To investigate the occurrence of iatrogenic intramedullary contrast injection during a current C1-C2 cervical myelography.
Intramedullary injection of contrast is a rare but serious complication of C1-C2 cervical myelography that has not been reported since the widespread use of magnetic resonance imaging and the NASCIS III study protocol.
A 39-year-old woman received an iatrogenic intramedullary contrast injection during a C1-C2 cervical myelography.

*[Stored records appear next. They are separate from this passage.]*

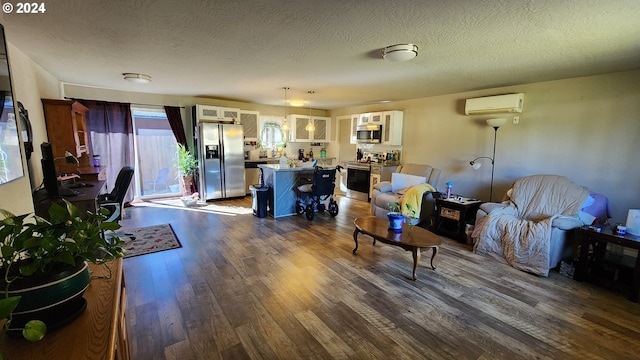 living room with a textured ceiling, dark hardwood / wood-style floors, and a wall mounted AC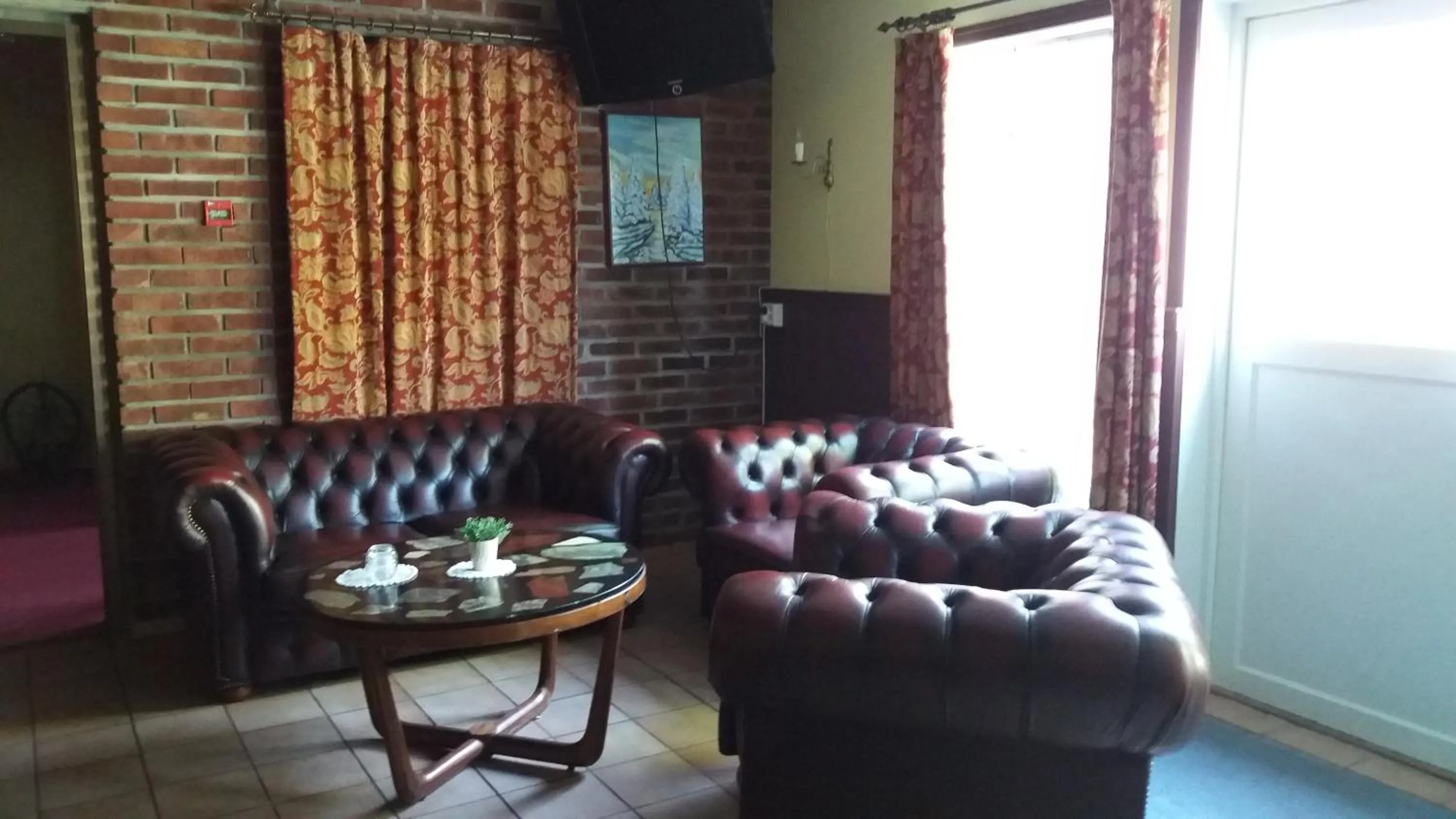 Communal lounge/ TV room in Askvoll Fjordhotell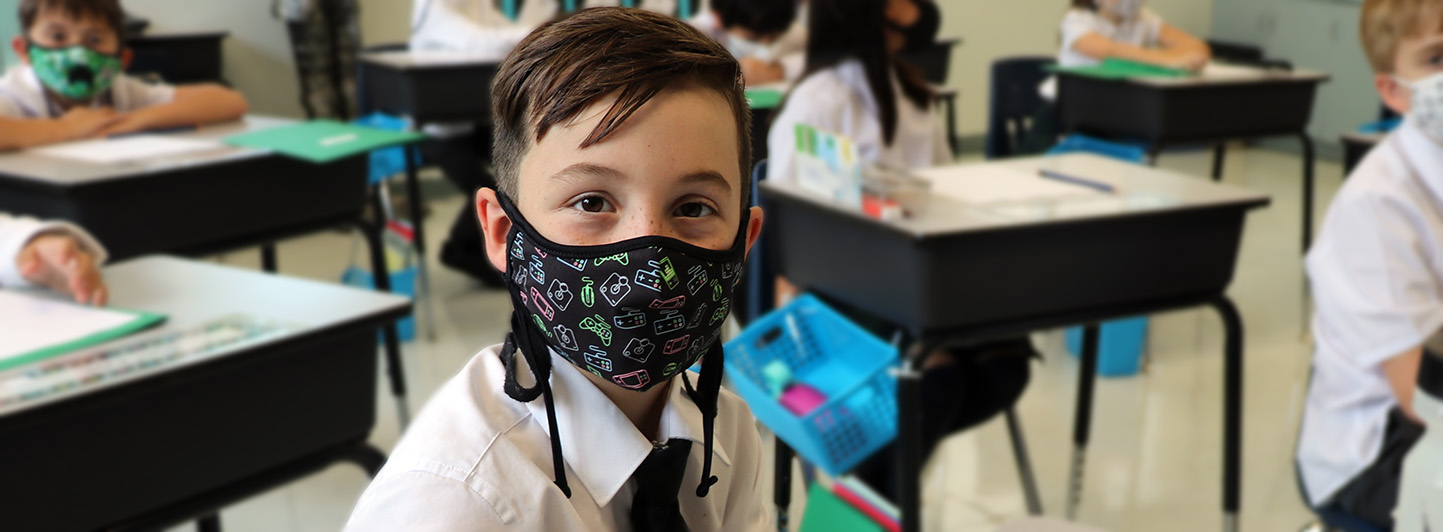Primary aged boy in class with mask on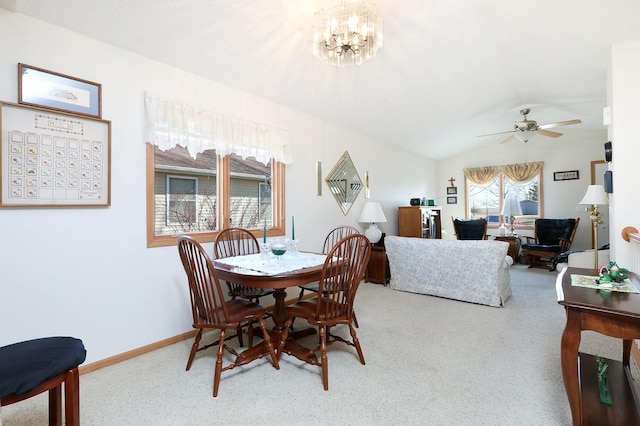 dining area featuring ceiling fan with notable chandelier, vaulted ceiling, carpet, and baseboards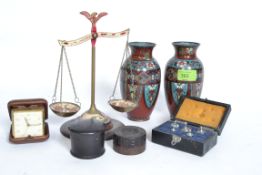 A pair of Chinese enamel set vases of decorative form with floral and geometric patination 1 x af.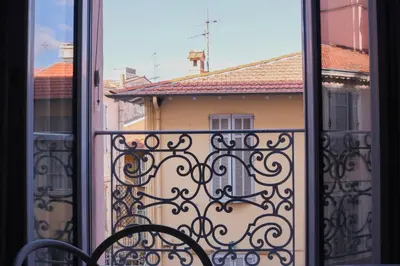an open window with a view of a building at SUITE DE LUXE PINK LADY 4P in Cannes
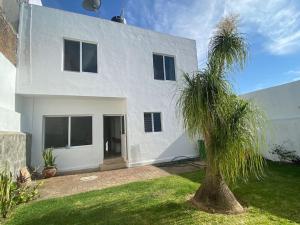 a white house with a palm tree in front of it at Casa en la naturaleza, Colima in Cuauhtémoc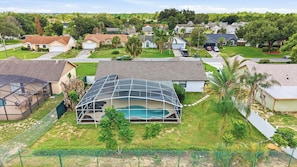 A residential area with houses, a swimming pool, and a fenced yard. - Sunshine Villa:3BR Home with Sparkling Heated Pool/Huge Backyard (Davenport)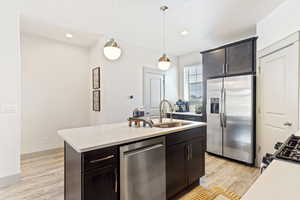 Kitchen featuring stainless steel appliances, a sink, light countertops, pendant lighting, and recessed lighting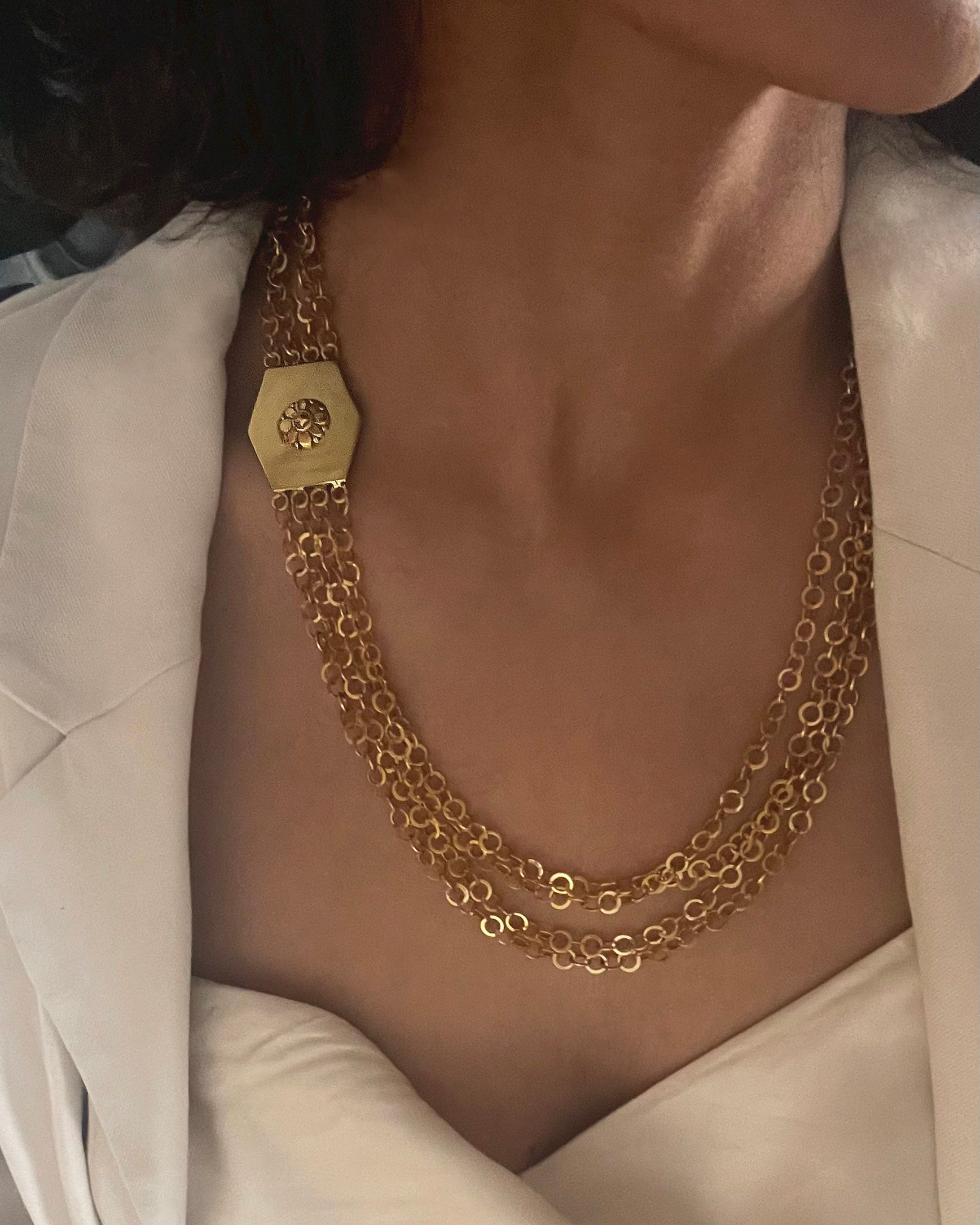Gold-plated 925 sterling silver Chandan Haar necklace with interlinked chains and a bold central motif, combining traditional Indian design with a modern, statement look.
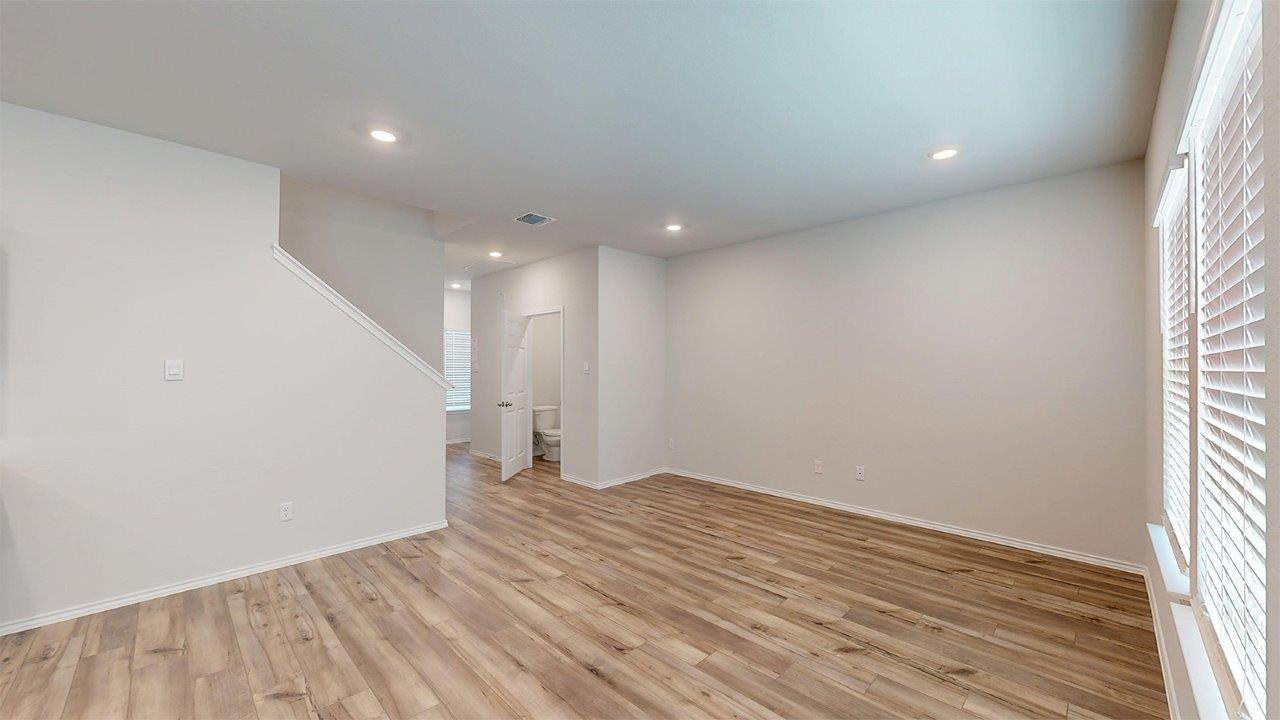557 Hector Loop Georgetown, TX 78626 - Photo 19 of 38 Open-concept living area featuring wood-finish flooring, recessed lighting, and a neutral color palette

During the procedure the patient reported right-side face, neck, and arm pain and parethesias. After the procedure, right arm weakness and diffuse hyperreflexia developed. Postmyelography imaging demonstrated intramedullary contrast and cord swelling. High-dose methylprednisolone was administered intravenously and the patient's symptoms improved. The literature and management of this rare complication are reviewed.
Intramedullary cord injection is a rare complication of cervical myelography. The mechanism of spinal cord injury appears to involve a combination of physical compression from the injected liquid and neurotoxicity of the contrast material. Iohexol rather than metrizamide should be used when C1-C2 myelography is indicated in patients who are unable to undergo magnetic resonance imaging, or those whose pathology is inadequately demonstrated magnetic resonance imaging alone. In the event of contrast injection into the spinal cord, administration of high-dose methylprednisolone is recommended.